What I Learned From My Stalker

(Graphic: Kat Borosky/TueNight.com)

I may have the word “open” tattooed on my back, but I consider myself overly cautious.

By nature of being a sex writer, many people think I’ve offered myself up for explicit, inappropriate conversations, and that’s forced me to keep my guard up. Normally, I don’t answer my phone unless I know who’s calling. I vet strangers I’m meeting extensively online beforehand. On a recent flight, I even took my laptop to the bathroom rather than leave it unprotected in the seat back compartment.

My caution is what stopped me from contacting a man I met on my flight to Dubai after I let him borrow my phone charger; I didn’t want to give him the wrong impression.

I was excited about this trip to Dubai, and announced it on my blog, Twitter and Facebook in case friends had recommendations or knew people there. The primary purpose of my trip was to find the world’s first and only Hello Kitty Spa, which had recently opened (yes, I was 36 going on 13, and am more than a little obsessed with Sanrio’s most famous character).
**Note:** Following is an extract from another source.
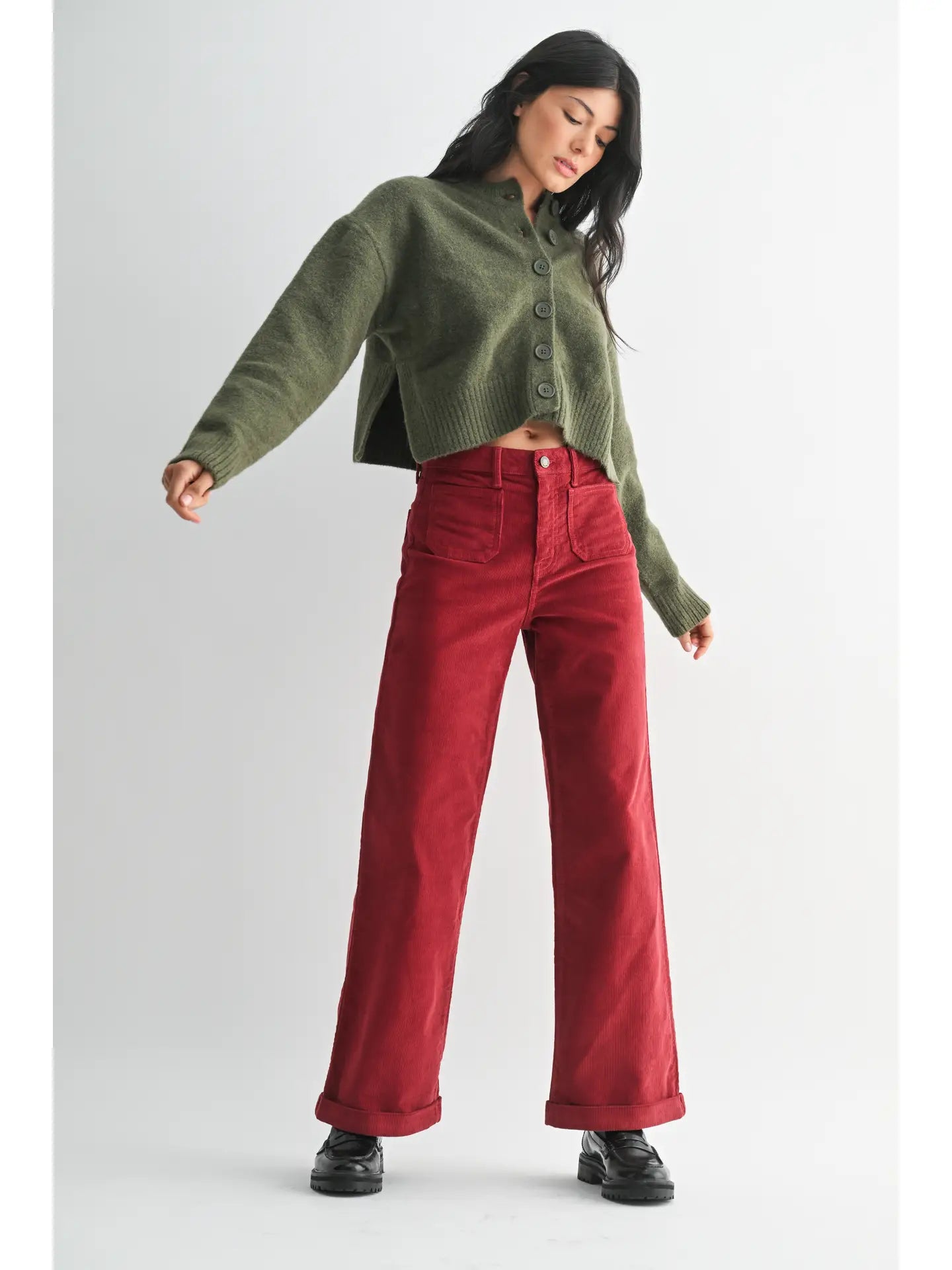 Corduroy Patch Pocket Wide Leg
The trip went from being a vague, maybe-someday idea to something I felt compelled to do, and even 24 hours of traveling (one of my flights got cancelled) hadn’t dampened my enthusiasm. I often travel alone — and actually prefer solo travel. This was the farthest I’d ever traveled on my own, and I felt proud of being able to navigate the trip’s contingencies by myself. I didn’t think I’d miss company.
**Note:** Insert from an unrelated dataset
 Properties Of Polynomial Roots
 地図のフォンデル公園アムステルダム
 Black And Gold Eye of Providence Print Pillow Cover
A few days into my trip, on a Tuesday, I got multiple emails from a man who’d seen my tweets about my Middle Eastern adventure. I was suspicious but definitely intrigued. His English — not his first language — had the slightly garbled wording of spam. I cautiously replied that perhaps we should meet for coffee on Saturday.  To my surprise, he took it a step further and asked if we could meet that day. I put him off, not having any intention of meeting a complete stranger. We emailed briefly, but nothing of consequence occurred.

That day, I wandered in the heat, looking for the mall where the spa was supposed to be. An hour later, I hadn’t found it, and decided to head back; just as I was exiting, a man approached me. I quickly realized he was the man from the emails. He recognized me from his Google image searches, including a photo I’d posted of my new purse.

“I found out where you’re staying,” he told me proudly.

That sufficiently creeped me out, especially since I hadn’t expected the Four Points Sheraton Hotel to confirm a guest’s identity. But I still set my stalked radar aside. He seemed friendly enough, despite having tracked me down in a completely inappropriate way. I decided since we were in public, it couldn’t hurt to sit with him; after all, he might be the only local person I’d meet in Dubai.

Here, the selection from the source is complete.